The Great Lakes that straddle the border of Canada and the United States hold one-fifth of Earth's surface fresh water, and cover almost 250,000 square kilometres — an area larger than the United Kingdom. They are home to 3,500 species of plant and animal, including more than 170 species of fish. Some 30 million people live in their watershed. Their scale and natural beauty are inspiring, yet for hundreds of years they have also been viewed as a resource to be conquered. Now, a perfect storm of invasive species, pollution, climate change and other pressures is playing out in the region.

The Great Lakes on the US–Canadian border are under intense pressure. Credit: Jeff Schmaltz, MODIS Rapid Response Team, NASA/GSFC

In his engaging The Death and Life of the Great Lakes, journalist Dan Egan traces the lakes' history, from the arrival of the first Europeans, such as French explorer Jean Nicolet — who in 1634 set out on Lake Michigan in a birch-bark canoe, looking for a passage to Asia — to the present. Egan's focus is on invasive species that tagged along as humans re-plumbed the Great Lakes to serve their needs. Starting with the parasitic sea lamprey (Petromyzon marinus), which had spread across the Great Lakes by the 1930s, these have dramatically altered the lake system and devastated native populations. Egan tells a tale of human ambition, ingenuity and hubris. He also speaks of redemption and opportunity.

The Great Lakes had a central role in the industrialization of the continent, and have thus seen massive engineering projects with two primary goals: to open up the North American interior to shipping, and to dispose of its sewage. These, Egan shrewdly dubs the front and back doors.
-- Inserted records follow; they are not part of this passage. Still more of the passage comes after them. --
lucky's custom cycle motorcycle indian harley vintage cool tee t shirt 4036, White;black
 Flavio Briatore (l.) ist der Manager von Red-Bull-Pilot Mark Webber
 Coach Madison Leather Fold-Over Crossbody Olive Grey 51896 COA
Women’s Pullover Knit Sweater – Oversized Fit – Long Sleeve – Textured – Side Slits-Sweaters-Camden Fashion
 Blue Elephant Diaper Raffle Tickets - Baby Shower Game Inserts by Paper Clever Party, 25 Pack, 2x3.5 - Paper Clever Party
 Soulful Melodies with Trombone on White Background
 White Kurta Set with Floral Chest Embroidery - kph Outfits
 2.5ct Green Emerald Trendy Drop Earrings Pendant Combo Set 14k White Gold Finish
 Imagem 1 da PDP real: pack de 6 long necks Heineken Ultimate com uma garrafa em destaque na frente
The completion of the first canal and locks goes back to 1781, culminating in 1959 with the opening of the Saint Lawrence Seaway. As seagoing vessels made their way deeper into the Great Lakes, they brought with them freshwater species from around the world, especially in ballast waters used to stabilize ships. Along with the lampreys, the protagonists of Egan's story are alewives (a type of herring, Alosa pseudoharengus) and zebra and quagga mussels (Dreissena polymorpha and Dreissena bugensis), which have successively upended the food web and overtaken the ecosystem.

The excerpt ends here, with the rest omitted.